Book Review: IT ALL FALLS DOWN by Sheena Kamal

Author: Sheena Kamal
Publisher: William Morrow
Read: February 2018
Expected publication: out now
My Rating: ๐ŸŒŸ๐ŸŒŸ๐ŸŒŸ1/2

Book Description:

Growing up, Nora Watts only knew one parent—her father. When he killed himself, she denied her grief and carried on with her life. Then a chance encounter with a veteran who knew him raises disturbing questions Nora can’t ignore—and dark emotions she can’t control. To make her peace with the past, she has to confront it.

Finding the truth about her father’s life and his violent death takes her from Vancouver to Detroit where Sam Watts grew up, far away from his people and the place of his birth. Thanks to a disastrous government policy starting in the 1950s, thousands of Canadian native children like Sam were adopted by American families. In the Motor City, Nora discovers that the circumstances surrounding Sam’s suicide are more unsettling than she’d imagined.

Yet no matter how far away Nora gets from Vancouver, she can’t shake trouble. Back in the Pacific Northwest, former police detective turned private investigator Jon Brazuca is looking into the overdose death of a billionaire’s mistress. His search uncovers a ruthless opiate ring and a startling connection to Nora, the infuriatingly distant woman he’d once tried to befriend. He has no way to warn or protect her, because she’s become a ghost, vanishing completely off the grid.

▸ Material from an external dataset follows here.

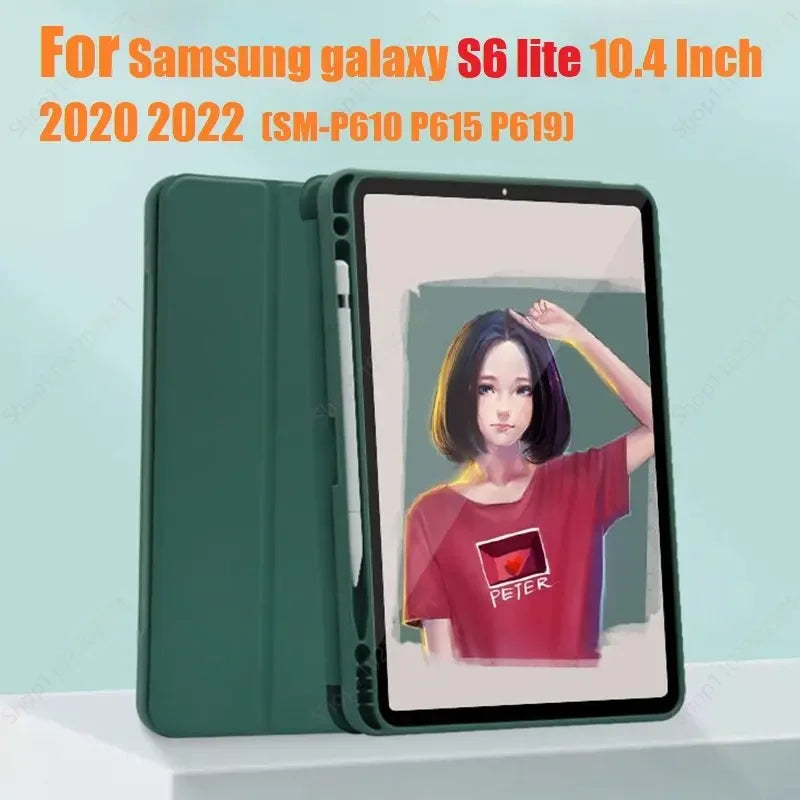 For New Galaxy Tab S6 lite 10.4 2024/2022 Sleep Case With Pen Holder Cover Galaxy Tab S6 lite 10.4'' SM-P620/P625/P610/P615/P619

Focused on the mysterious events of her father’s past and the clues they provide to her own fractured identity and that of her estranged daughter, Nora may not be able to see the danger heading her way until it’s too late. But it’s not her father’s old ties that could get her killed—it’s her own.

My musings:

Nora Watts, the character Sheena Kamal created in her novel Eyes Like Mine (also Published under The Lost Ones), was one of my favourite protagonists of 2017 and I was really looking forward to meeting up with her again.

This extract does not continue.